Claire pensait que ce serait une soirée comme les autres.

Il était presque 22 heures quand elle est rentrée chez elle. La rue était silencieuse, les lampadaires éclairaient faiblement l’entrée de sa maison. Elle a soupiré de fatigue, a sorti ses clés et a ouvert la porte.
Mais dès le premier pas à l’intérieur… quelque chose n’allait pas.
Le salon était dans le noir. Une chaise renversée. Un tiroir ouvert.
Son cœur s’est serré.
« Il y a quelqu’un ? » murmura-t-elle.
La réponse est venue derrière elle.
Une main gantée a soudain couvert sa bouche. Un homme masqué l’a tirée brusquement en arrière.
« Pas un mot… » a chuchoté une voix froide à son oreille.
Deux autres silhouettes sont apparues dans le salon. L’un fouillait les meubles. L’autre la regardait fixement.
Claire tremblait.

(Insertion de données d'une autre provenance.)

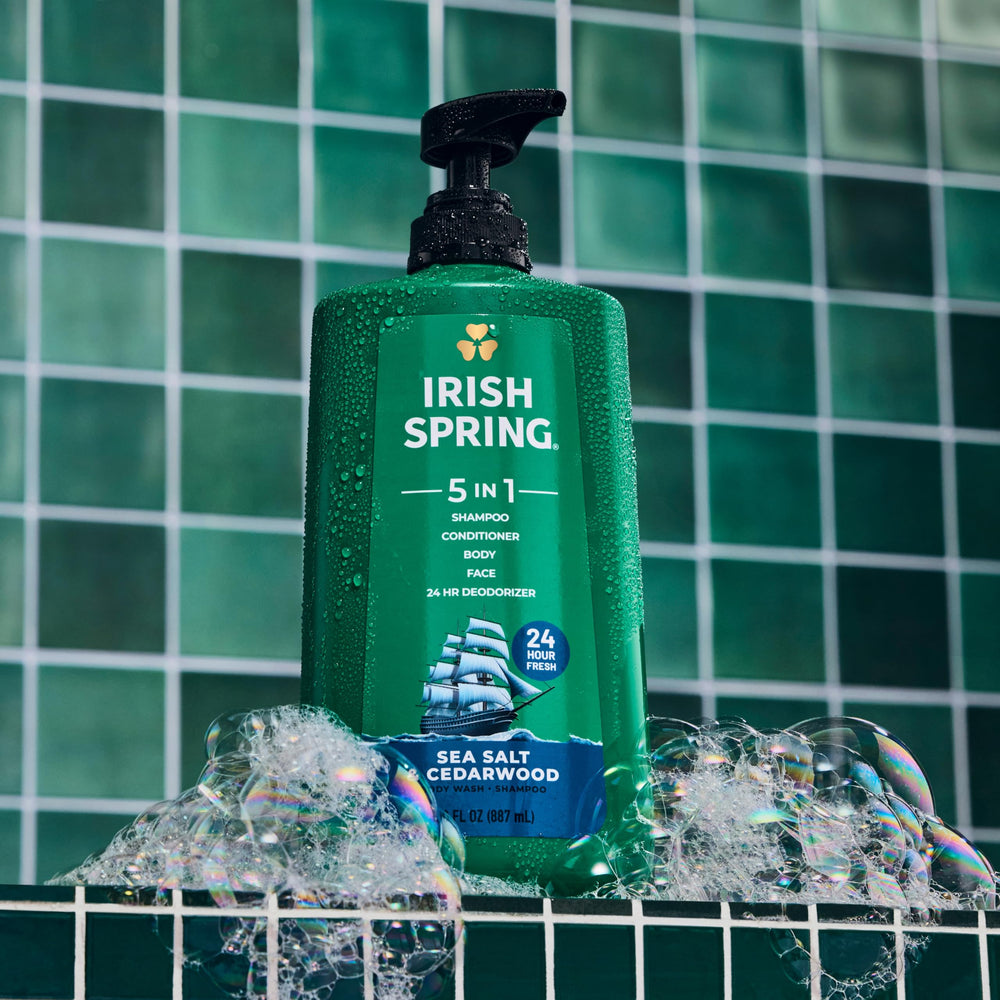 Irish Spring 5-in-1 foam shows rich lather for a thorough cleanse.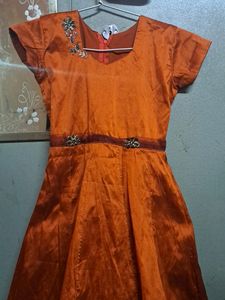 Orange Embellished Party Dress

Elle essayait de respirer, mais la panique envahissait tout son corps.
Puis l’un des hommes a trouvé quelque chose dans un tiroir.
Il s’est figé.
« Chef… tu devrais voir ça. »
L’homme qui la retenait a tourné la tête.
Et à cet instant précis… leurs visages ont changé.
Comme s’ils venaient de comprendre quelque chose de terrible.
Claire a vu leurs yeux.
Et elle a compris qu’elle était peut-être en beaucoup plus grand danger qu’un simple cambriolage…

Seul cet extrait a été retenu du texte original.